Not true. It depends more on ph and temps. I have had first time females give me 200+ spawns of all females. Changed the ph to be a bit over 7 but the gh is still low and getting better ratios.


----------



## indjo (Jun 6, 2010)

There are no scientific researches on sex out come. But there are several myths, as you may already know.
To my experience, both number of spawns by the female and temp. plays a big role. First spawn in high temps gives me more males than I need (90%). First spawn in low temp results less male but still dominant. While 4th or more spawns in low temps gives me 90% females . I have never produced 100% of either sex.

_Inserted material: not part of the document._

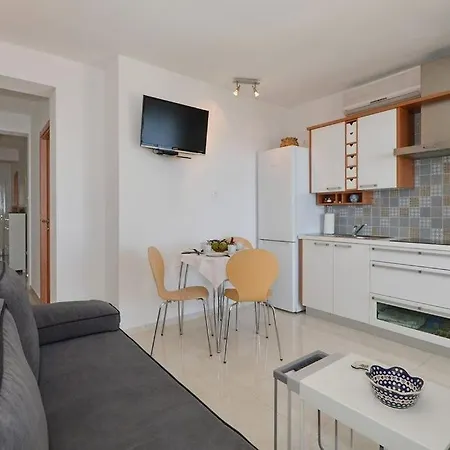 Apartment In With Sea View, Balcony, Air Conditioning, Wifi 91-3 Seget Vranjica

I'm not sure about pH and water hardness though as I never test my water.


----------



## tpocicat (Aug 8, 2011)

My first sucessful spawn was all females. After that, I've had a mix. I think my water temp. was a little low for my first spawn. I have very hard water, don't know if that is a factor or not.


----------



## babystarz (Aug 3, 2012)

I honestly believe that the water temp has more to do with gender determination (and egg survival of a certain gender) than anything.

If fish are like humans, more males will be born to a well-fed female. Typically female infant mammals can survive more stressful conditions than males; this is why most premature babies who survive are female. I don't know how applicable this is to fish, but if it's down to sex chromosomes then it could be true across species. I have heard of first time breeders often getting all female spawns, so that does lend credence to the theory


----------